I’ll be honest. Defense was hard to pick. There were some good players, but not quite the quality of the forwards.

Even so, that should take no shine off players like Joe Micheletti and Rik Wilson or any of the other blue liners.

Unfortunately, Micheletti’s career was cut short. He only had six years in professional hockey and only three years were in the NHL. His first three years were with Calgary and Edmonton in the WHA before they were merged.

Still, Micheletti brought a more energetic style for the day. The Blues brought him in hoping for the 14 goals he had scored with Edmonton, but he struggled with the transition to the NHL. In his second season with the Blues, he fared better with four goals and 31 points.

His defense shined better that season too. He was a plus-13 that season. It doesn’t hurt Micheletti’s case that he still remains one of the team’s best color commentators too.

Like Micheletti, Wilson was not an offensive dynamo, but he was consistent. In four full seasons, he averaged five goals with the Blues and 19 points. Not mouth watering stats, but very solid and something you could count on from a defensive player.

Gordie Roberts
Kevin Shattenkirk

When Gordie Roberts came into the league, he was a pretty big player. 6’1, 195 lbs doesn’t sound big, but it was for the 1970’s. Roberts was another player that flourished offensively in the WHA and didn’t get that offense to move to the NHL.

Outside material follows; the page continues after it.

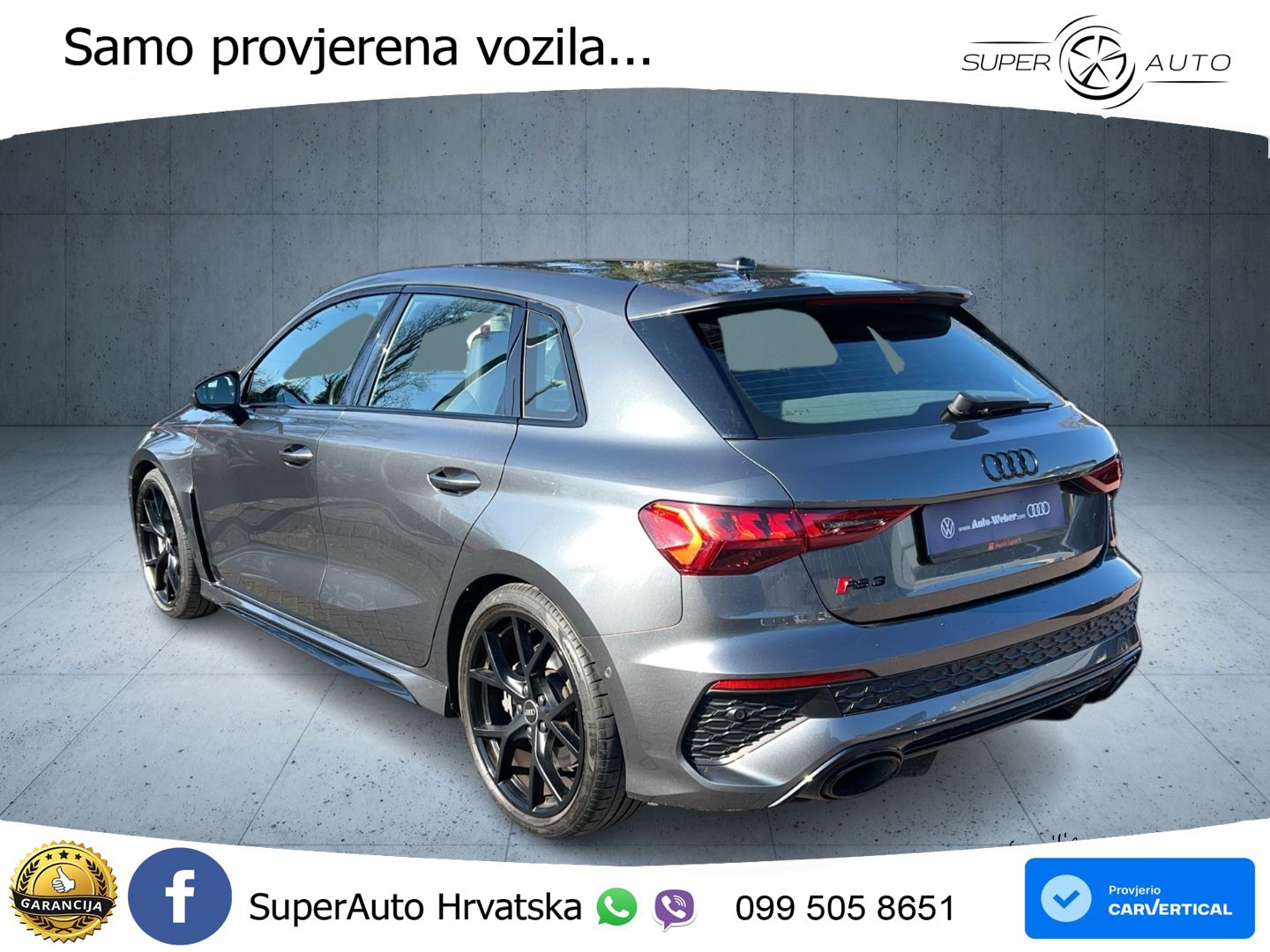 Audi RS3 Sportback 2.5 TFSI (400 KS) quattro S tronic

Still, he was a pretty good player for the Blues. Like Wilson, he was consistent, even if he did not put up big numbers.

His role on this particular team would be more defensive oriented anyway. Kevin Shattenkirk is your offense.

Shattenkirk’s offense was something the team came to count on. When healthy, and playing non-labor shortened seasons, he regularly scored double-digit goals and 40-plus points. Shattenkirk’s years in St. Louis remain the most productive of his career finishing with 58 goals and 258 points in parts of seven seasons.

Rick Zombo
Dwight Schofield

Rick Zombo is not a player you bring in for offense, but that’s why he fits so well on this third pairing. He was a bruiser that would pin you up in the corners.

Zombo could help with the offense with an assist here or there, but those were more from zone exits and then the forwards scoring on the rush. Nevertheless, his defense contributed to the team.

With the Blues, Zombo had really good defensive point share numbers. That basically means his team was able to generate offense based on him stopping the other team’s offense. Like Garth Butcher, Zombo was one that became somewhat of a favorite with Blues fans based on his effort more than actual ability.

As far as Dwight Schofield goes, I’ll be honest that I thought about putting Bret Hedican in this spot. Hedican was a better player overall, but upon reflection, we didn’t really get to see it with the Blues.

Schofield did a little more with less, so he gets the nod. Interestingly, they both had similar points with the Blues, but Schofield had 19 in two seasons and had five goals to go along with it. Hedican had one goal and 19 assists in parts of three seasons and then found his stride in Vancouver.

Schofield’s time in St. Louis was short, but still reasonably productive. He had career highs in goals, points and penalty minutes.